» Exercise prompt
Please set down only the lines running from the one with "NEW GUCCI GG0935S" through the last line of the entries, exactly as written and without any pictures.

Image-text web data:
____________
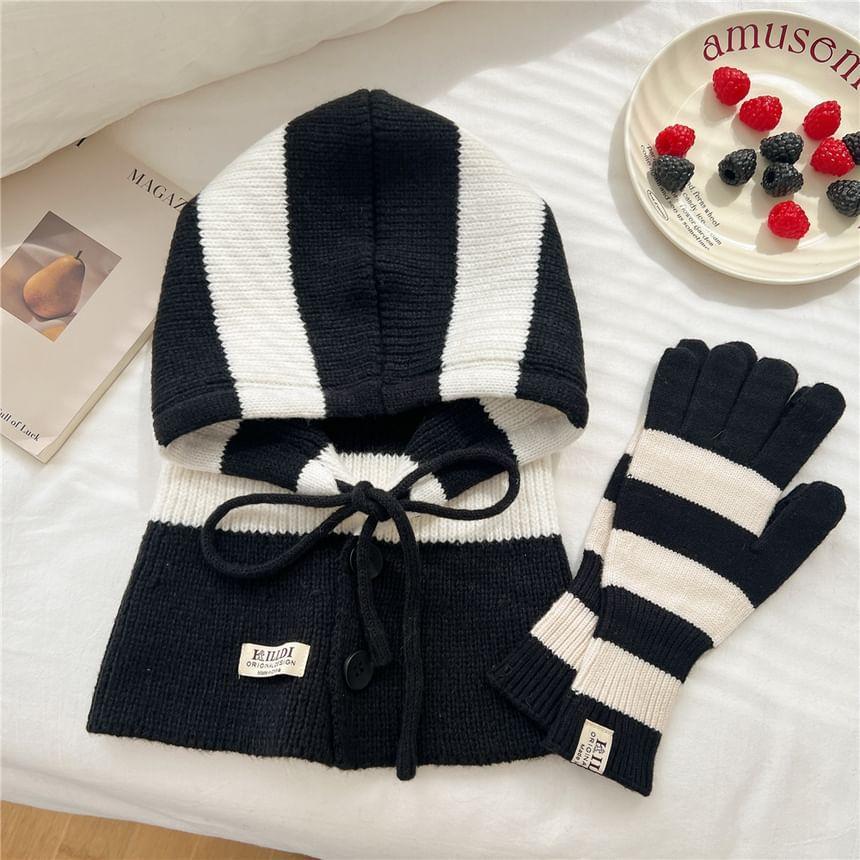 Striped Button Knit Balaclava / Gloves / Set Product Image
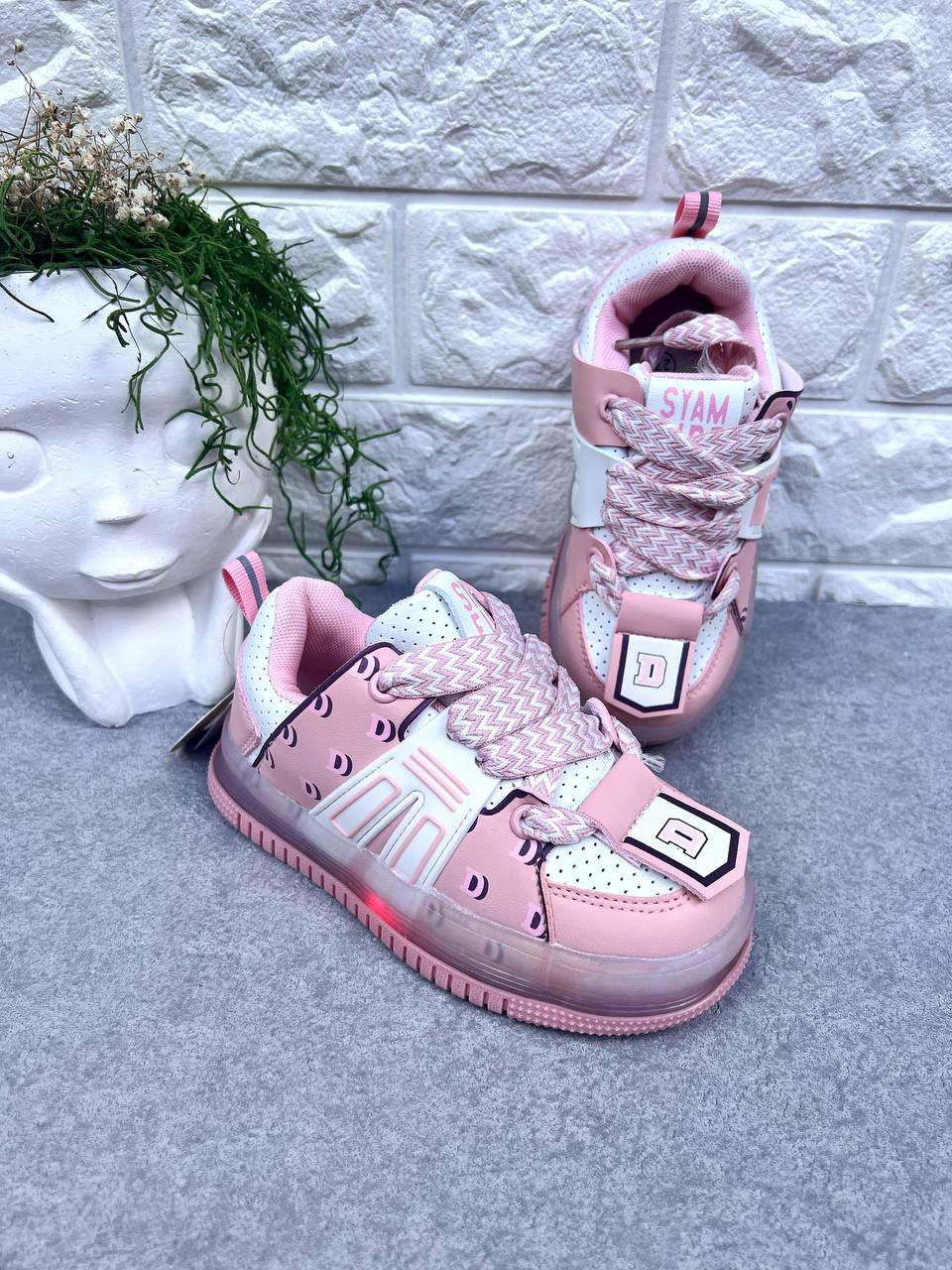 Кроссовки для девочки с Led подсветкой 1369 р. 31 20 см Розовый (1369-3)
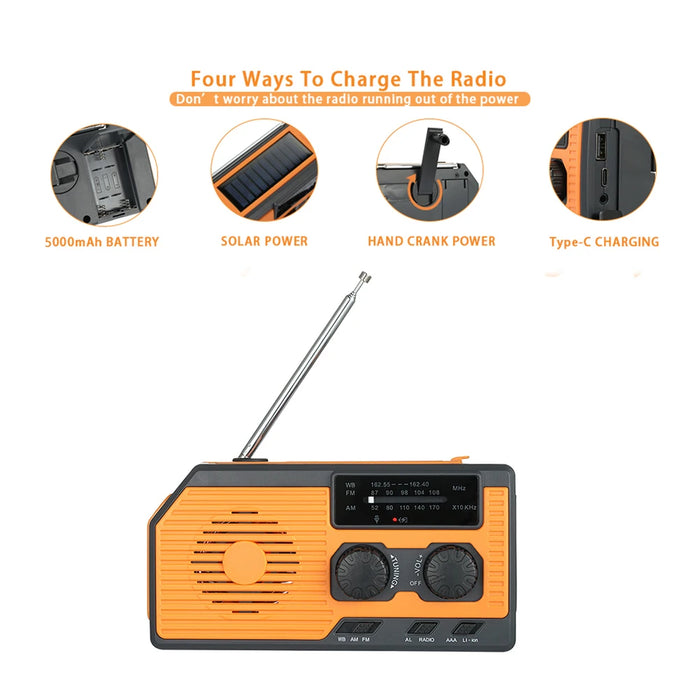Solar Hand Crank Radio Portable Multifunctional Radio AM/FM/WB NOAA Weather Radio LED Flashlight Power Bank for Outdoor Camping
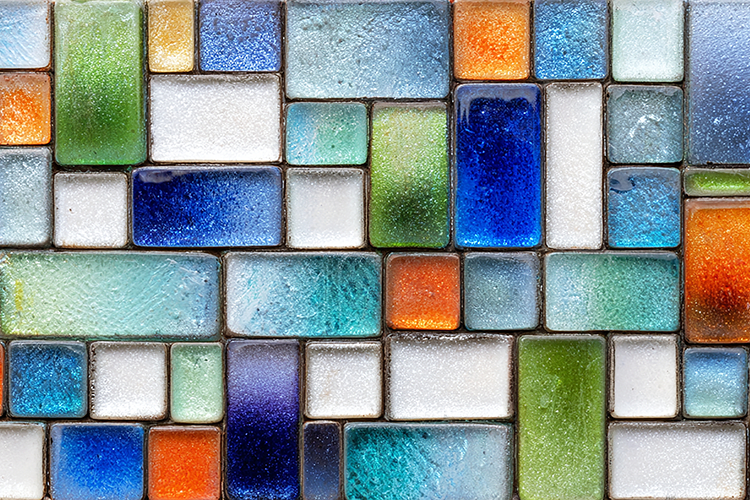 A colorful mosaic pattern with various tiles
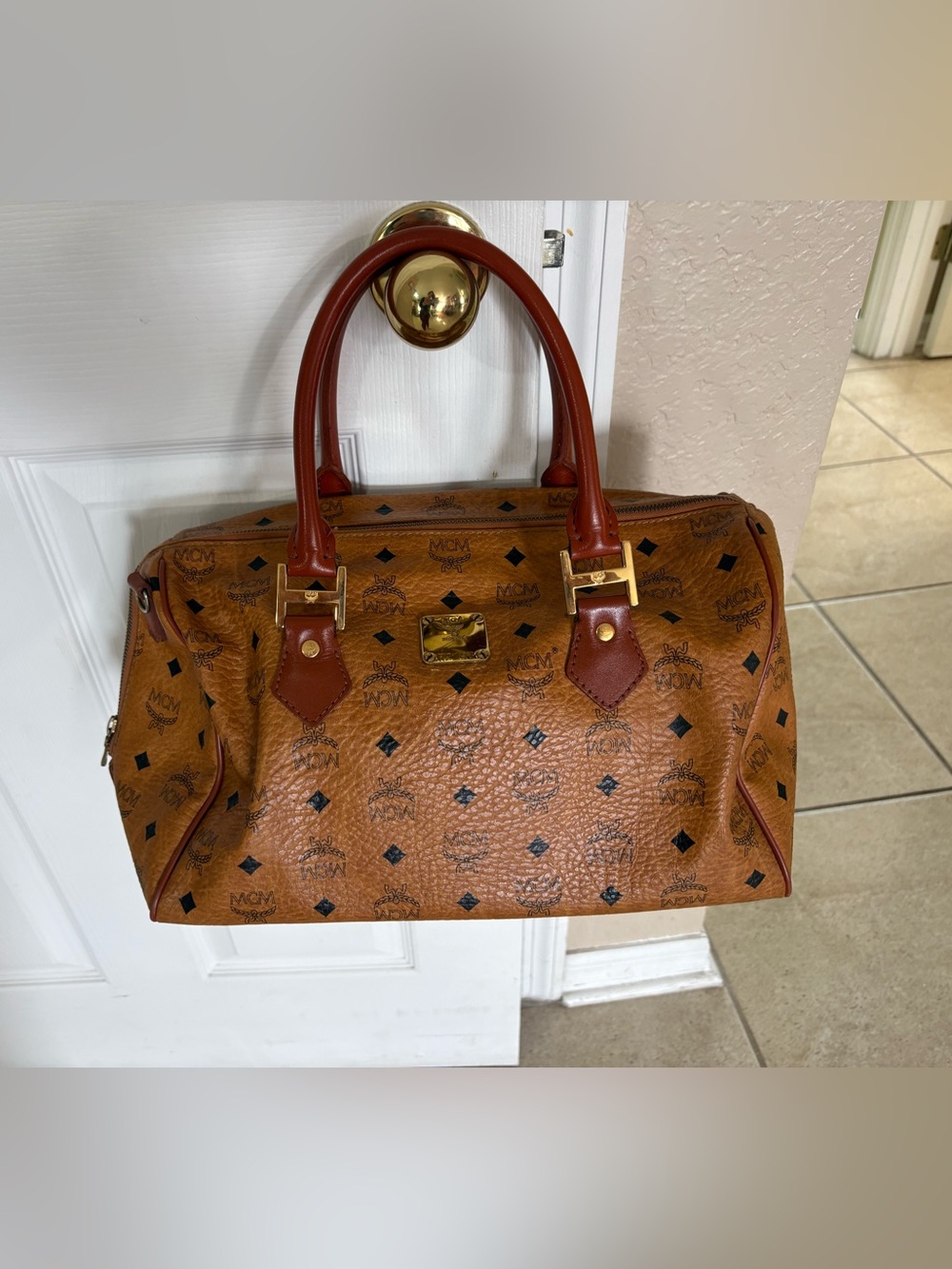 Vintage MCM München Visetos Cognac Boston Satchel Bag Made in Germany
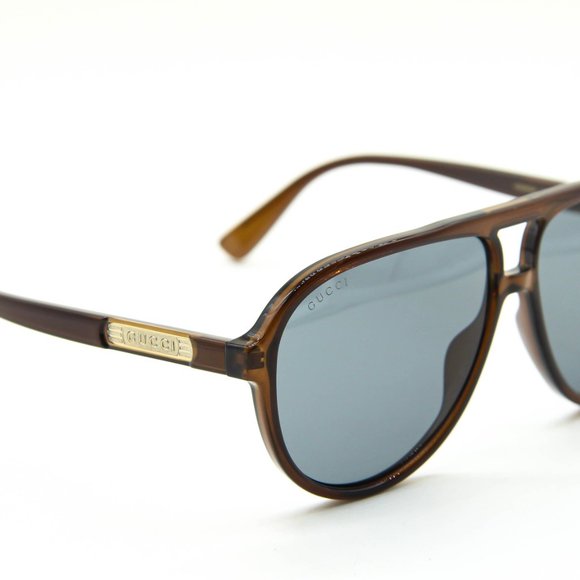 NEW GUCCI GG0935S 007 BROWN BLUE PILOT AUTHENTIC MEN SUNGLASSES 60-12-145 - Picture 3 of 11
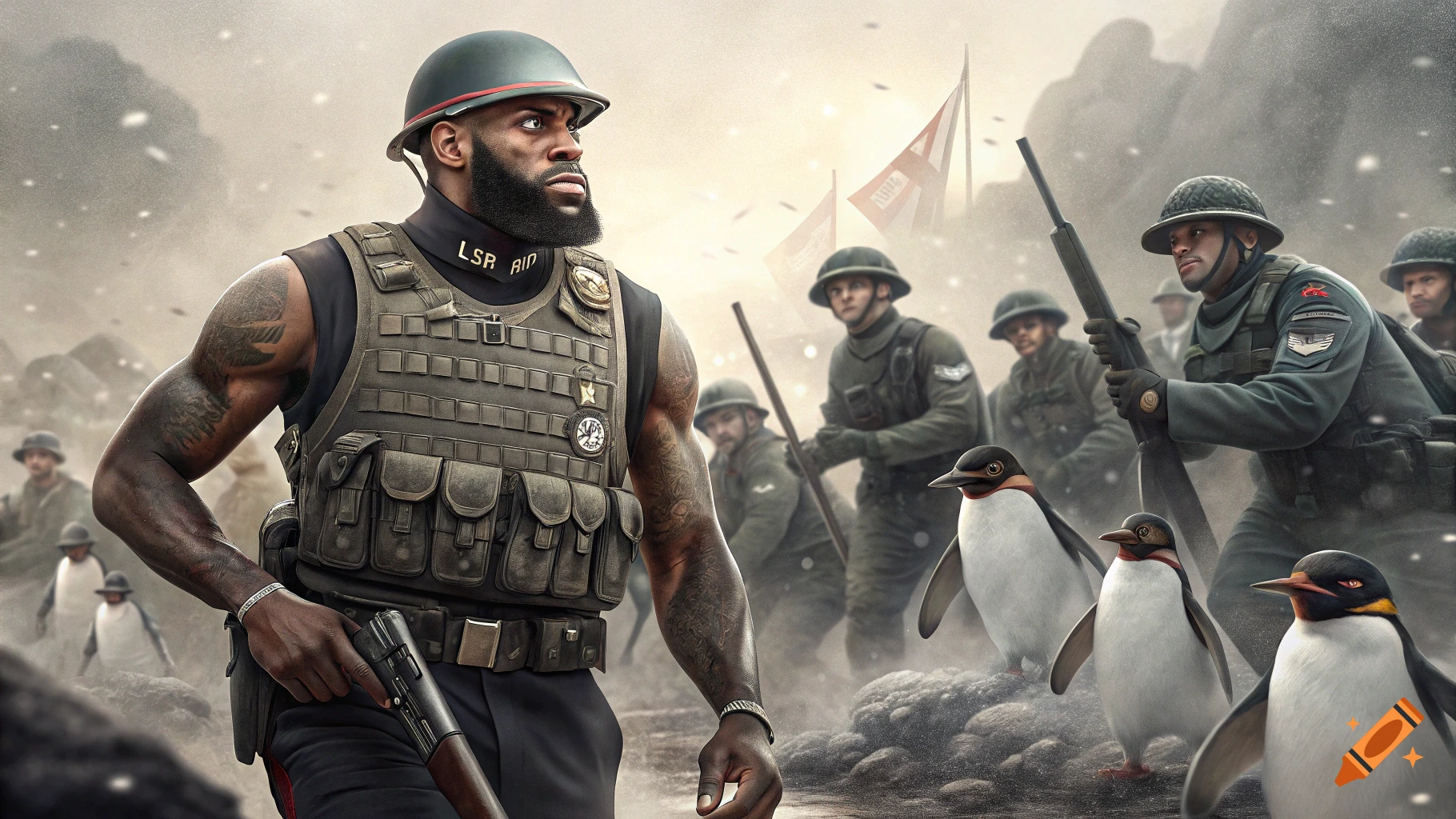 LeBron James in military gear leads soldiers and penguins in a snowy, rocky landscape.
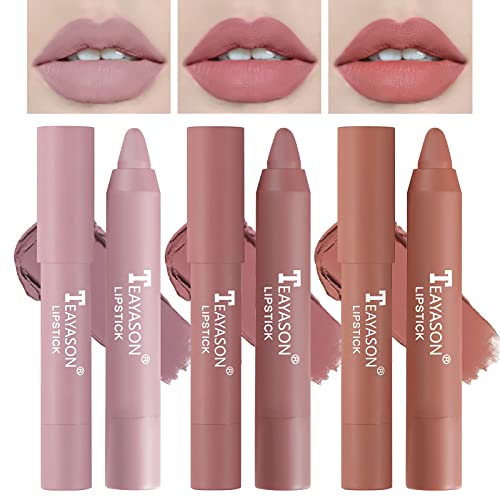 3 Colors Matte Lipstick Crayon Set,Nude Lipstick Velvet Air Lip Crayon Lip Stain Long Lasting Waterproof Lipstick For Women Makeup, Lip Stick Texture Silky Non-Fading Lipgloss Hydrating Lip Gloss #TOP6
____________
» Answer to the problem
 NEW GUCCI GG0935S 007 BROWN BLUE PILOT AUTHENTIC MEN SUNGLASSES 60-12-145 - Picture 3 of 11
 LeBron James in military gear leads soldiers and penguins in a snowy, rocky landscape.
 3 Colors Matte Lipstick Crayon Set,Nude Lipstick Velvet Air Lip Crayon Lip Stain Long Lasting Waterproof Lipstick For Women Makeup, Lip Stick Texture Silky Non-Fading Lipgloss Hydrating Lip Gloss #TOP6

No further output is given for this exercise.